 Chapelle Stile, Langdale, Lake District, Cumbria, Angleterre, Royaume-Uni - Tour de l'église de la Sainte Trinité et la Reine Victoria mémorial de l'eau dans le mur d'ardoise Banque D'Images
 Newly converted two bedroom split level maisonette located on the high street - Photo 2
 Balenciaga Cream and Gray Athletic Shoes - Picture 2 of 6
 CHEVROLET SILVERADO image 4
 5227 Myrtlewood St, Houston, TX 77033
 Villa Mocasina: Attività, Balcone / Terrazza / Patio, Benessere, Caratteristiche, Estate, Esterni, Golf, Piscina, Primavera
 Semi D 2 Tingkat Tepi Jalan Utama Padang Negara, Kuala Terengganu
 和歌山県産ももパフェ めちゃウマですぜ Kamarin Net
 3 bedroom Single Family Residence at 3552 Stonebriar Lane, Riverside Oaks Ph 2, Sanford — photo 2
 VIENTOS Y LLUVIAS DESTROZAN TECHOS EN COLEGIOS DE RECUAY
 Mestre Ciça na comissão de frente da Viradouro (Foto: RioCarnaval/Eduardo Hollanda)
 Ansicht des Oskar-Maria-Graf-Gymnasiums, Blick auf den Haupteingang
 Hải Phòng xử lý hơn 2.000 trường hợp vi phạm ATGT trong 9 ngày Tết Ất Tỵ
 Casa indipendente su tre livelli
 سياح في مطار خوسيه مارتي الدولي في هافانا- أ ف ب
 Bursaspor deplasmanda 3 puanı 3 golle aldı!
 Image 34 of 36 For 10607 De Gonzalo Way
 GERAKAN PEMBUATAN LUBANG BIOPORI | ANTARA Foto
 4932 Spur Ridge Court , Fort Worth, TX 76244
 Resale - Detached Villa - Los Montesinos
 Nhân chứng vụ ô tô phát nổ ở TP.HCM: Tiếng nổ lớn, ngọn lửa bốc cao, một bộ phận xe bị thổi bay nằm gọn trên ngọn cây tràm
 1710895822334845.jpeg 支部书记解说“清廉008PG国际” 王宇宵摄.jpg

-*-*-

(Exercise requirements)
Please copy only these lines, exactly: the first line of the records through the line containing "Villa Mocasina: Attività, Balcone", ends included.

(Output)
 Chapelle Stile, Langdale, Lake District, Cumbria, Angleterre, Royaume-Uni - Tour de l'église de la Sainte Trinité et la Reine Victoria mémorial de l'eau dans le mur d'ardoise Banque D'Images
 Newly converted two bedroom split level maisonette located on the high street - Photo 2
 Balenciaga Cream and Gray Athletic Shoes - Picture 2 of 6
 CHEVROLET SILVERADO image 4
 5227 Myrtlewood St, Houston, TX 77033
 Villa Mocasina: Attività, Balcone / Terrazza / Patio, Benessere, Caratteristiche, Estate, Esterni, Golf, Piscina, Primavera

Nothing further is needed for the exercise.